Your task:
Only the pictures are to be omitted; everything else in the listing must be reproduced exactly.

Available data:
══════════════════════════════

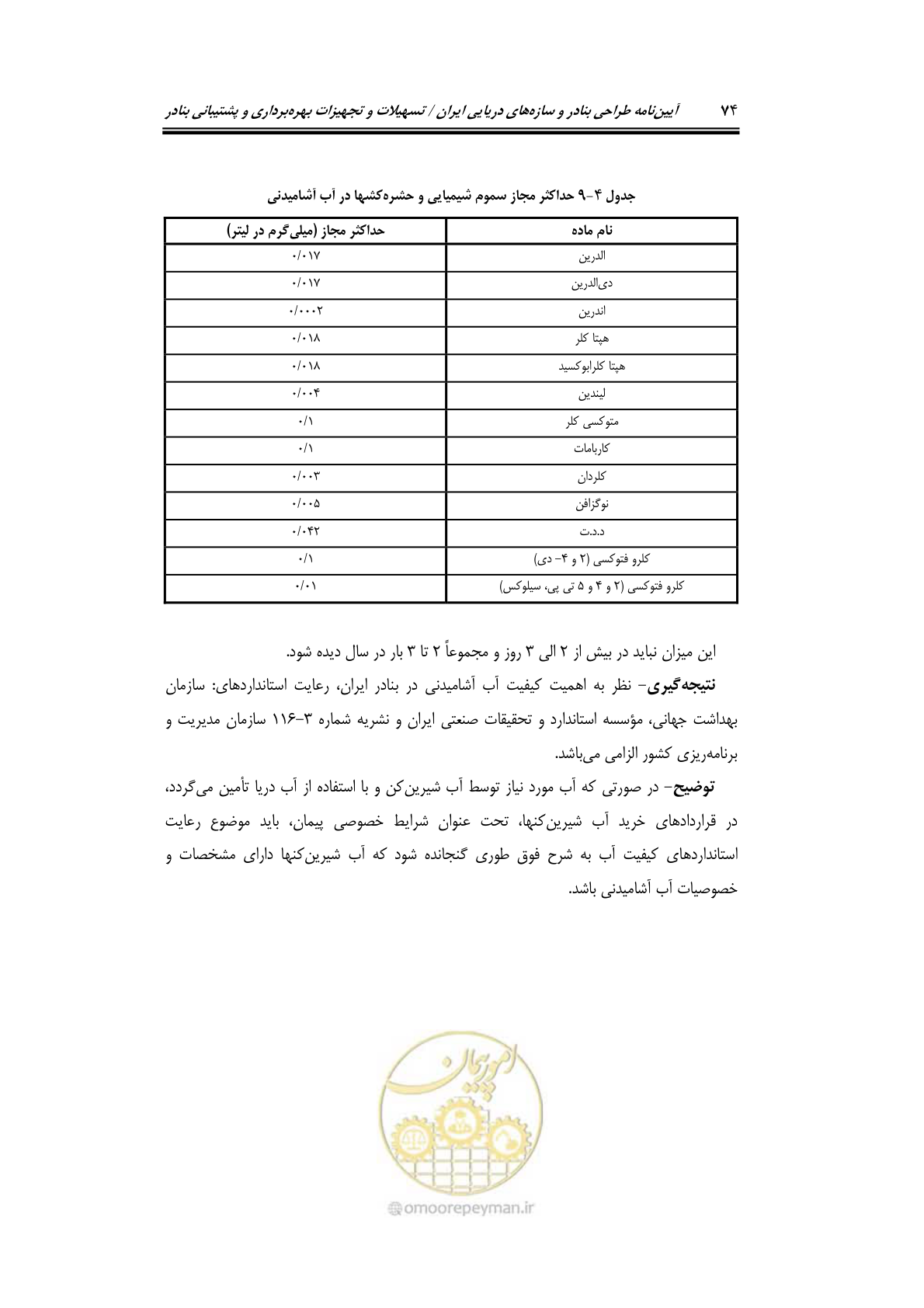 صفحه 94 از 278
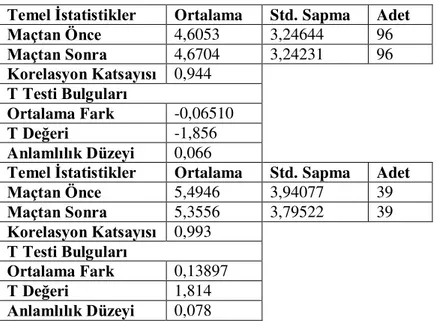 Tablo 1:  Beşiktaş JK Galibiyet - Mağlubiyet Analiz Tabloları Temel İstatistikler  Ortalama  Std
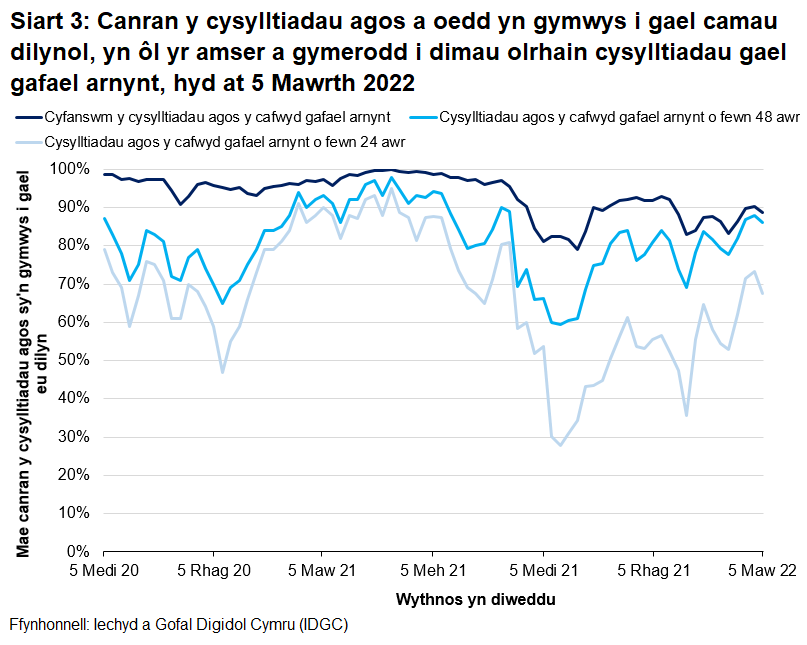 Mae cynnydd sylweddol mewn achosion a chysylltiadau yn cyfateb i ostyngiadau yn y gyfran yn gysylltiadau agos y cafwyd gafael arnynt o fewn 24 a 48 awr ym mis Rhagfyr 2020 ac o fis Medi i fis Rhagfyr 2021.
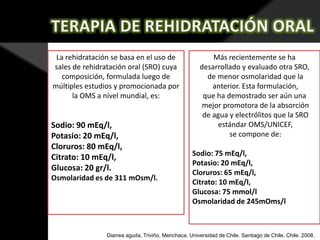 La rehidratación se basa en el uso de
sales de rehidratación oral (SRO) cuya
composición, formulada luego de
múltiples estudios y promocionada por
la OMS a nivel mundial, es:

Sodio: 90 mEq/l,
Potasio: 20 mEq/l,
Cloruros: 80 mEq/l,
Citrato: 10 mEq/l,
Glucosa: 20 gr/l.
Osmolaridad es de 311 mOsm/l.

Más recientemente se ha
desarrollado y evaluado otra SRO,
de menor osmolaridad que la
anterior. Esta formulación,
que ha demostrado ser aún una
mejor promotora de la absorción
de agua y electrólitos que la SRO
estándar OMS/UNICEF,
se compone de:
Sodio: 75 mEq/l,
Potasio: 20 mEq/l,
Cloruros: 65 mEq/l,
Citrato: 10 mEq/l,
Glucosa: 75 mmol/l
Osmolaridad de 245mOms/l

Diarrea aguda, Triviño, Menchaca. Universidad de Chile. Santiago de Chile, Chile. 2008.

 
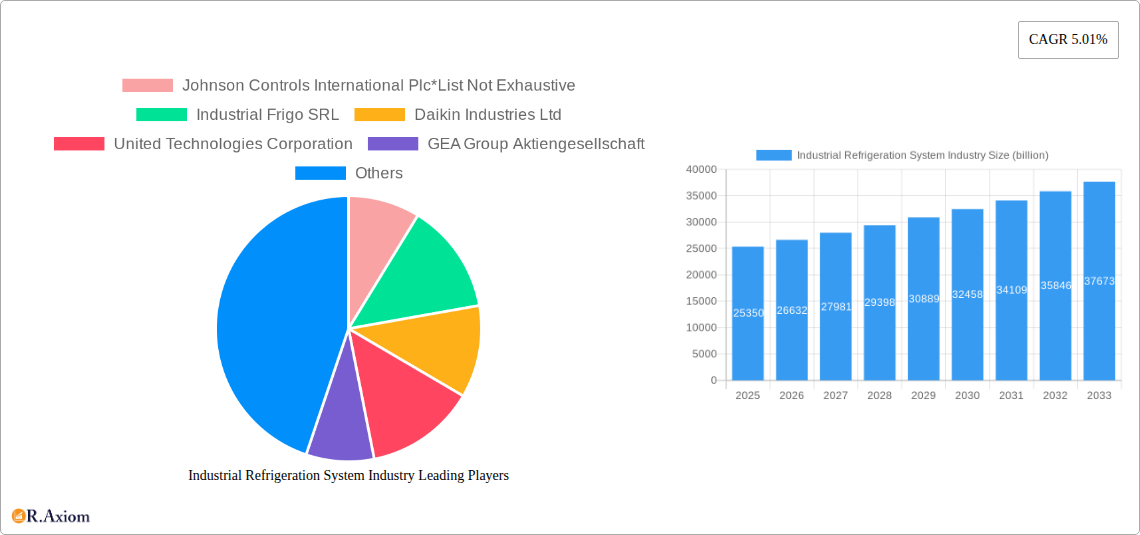 Industrial Refrigeration System Industry Research Report - Market Overview and Key Insights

══════════════════════════════

Answer to the exercise:
 صفحه 94 از 278
 Tablo 1:  Beşiktaş JK Galibiyet - Mağlubiyet Analiz Tabloları Temel İstatistikler  Ortalama  Std
 Mae cynnydd sylweddol mewn achosion a chysylltiadau yn cyfateb i ostyngiadau yn y gyfran yn gysylltiadau agos y cafwyd gafael arnynt o fewn 24 a 48 awr ym mis Rhagfyr 2020 ac o fis Medi i fis Rhagfyr 2021.
 La rehidratación se basa en el uso de
sales de rehidratación oral (SRO) cuya
composición, formulada luego de
múltiples estudios y promocionada por
la OMS a nivel mundial, es:

Sodio: 90 mEq/l,
Potasio: 20 mEq/l,
Cloruros: 80 mEq/l,
Citrato: 10 mEq/l,
Glucosa: 20 gr/l.
Osmolaridad es de 311 mOsm/l.

Más recientemente se ha
desarrollado y evaluado otra SRO,
de menor osmolaridad que la
anterior. Esta formulación,
que ha demostrado ser aún una
mejor promotora de la absorción
de agua y electrólitos que la SRO
estándar OMS/UNICEF,
se compone de:
Sodio: 75 mEq/l,
Potasio: 20 mEq/l,
Cloruros: 65 mEq/l,
Citrato: 10 mEq/l,
Glucosa: 75 mmol/l
Osmolaridad de 245mOms/l

Diarrea aguda, Triviño, Menchaca. Universidad de Chile. Santiago de Chile, Chile. 2008.

 
 Industrial Refrigeration System Industry Research Report - Market Overview and Key Insights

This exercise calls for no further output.